Category Archives: By Ingredient

Black Pepper Beef

Even after making the filet mignon the other night, we still had some beef tenderloin remaining. Annie cubed it up, marinated it with a packet of black pepper sauce, and stir-fried it with some mushrooms, bell peppers, onions, and green onions.

Talk about tasty! Annie skillfully fried the tenderloin so it didn’t toughen up. Restaurant quality, for home-cooked price!

Aloha, Nate

Filipino Pork Adobo Recipe

Filipino adobo is a dish commonly found in Hawaii. I like it because of the salty, vinegary flavors. Annie learned how to make it from a group of Filipino students living in her dorm at the University of Hawaii.

This dish consists of onions, garlic, pork riblets, potatoes, whole peppercorns, bay leaves, shoyu, cider vinegar and water. You cook it down until all the liquids are evaporated and all you have left is this delicious sauce coating the meat and potatoes. Serve it over heaps of rice.

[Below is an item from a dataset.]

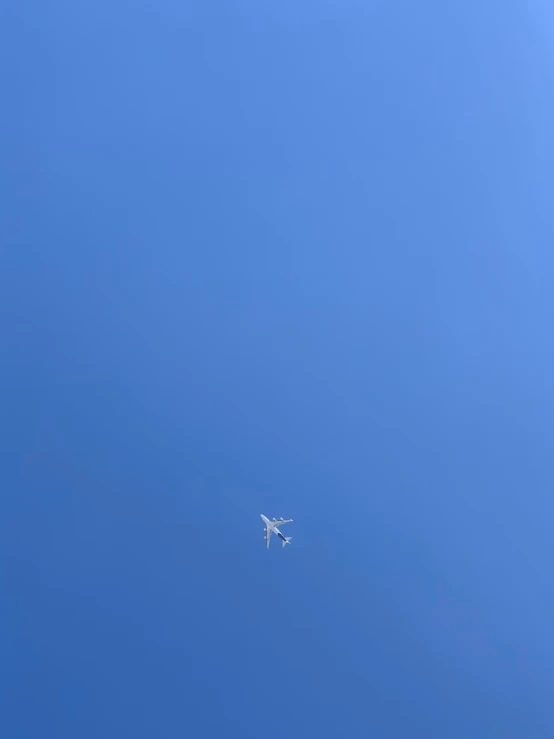 an airplane flying in a blue sky as the sun goes down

Real “stick-to-your ribs” cooking.

Aloha, Nate

Filet Mignon with Steamed Asparagus

We got our hands on a couple of beef tenderloins for a really good price. Even after making the Beef Tenderloin in Salt Crust, we still had some leftover loin. So Annie defrosted it, cut it up into steaks, and prepared them according to this recipe from Bruce Aidells.

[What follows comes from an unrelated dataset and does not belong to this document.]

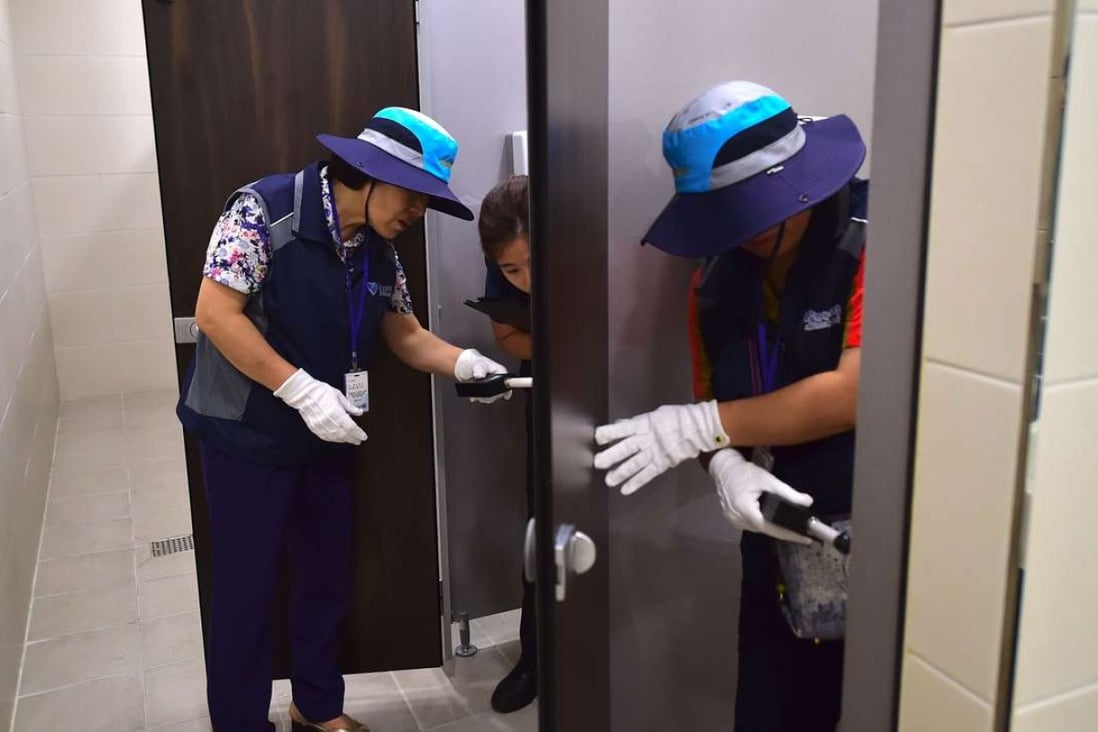 Members of Seoul hidden camera-hunting squad inspect a women's bathroom stall at a museum. Photo: AFP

We also steam-fried some asparagus.


Finished plate with roasted bell peppers and a baked organic russet potato.


This was so yummy. Bruce Aidells sure knows how to cook meat!

Aloha, Nate

Sweet Sour Tilapia Fillet

Every so often, frozen tilapia fillets will go on sale at Albertson’s so we pick up a whole bunch and keep ’em handy in the freezer for whenever the mood hits us. They’re thin and easy to cook- you don’t even need to defrost them first. Just season them with salt and pepper, dust them in cornstarch, and pan fry them until they flake.

In this application, Annie also made a sweet-sour sauce with onions and bell peppers, ketchup, soy sauce and water. Garnish with some chopped green onions, and you’re good to go!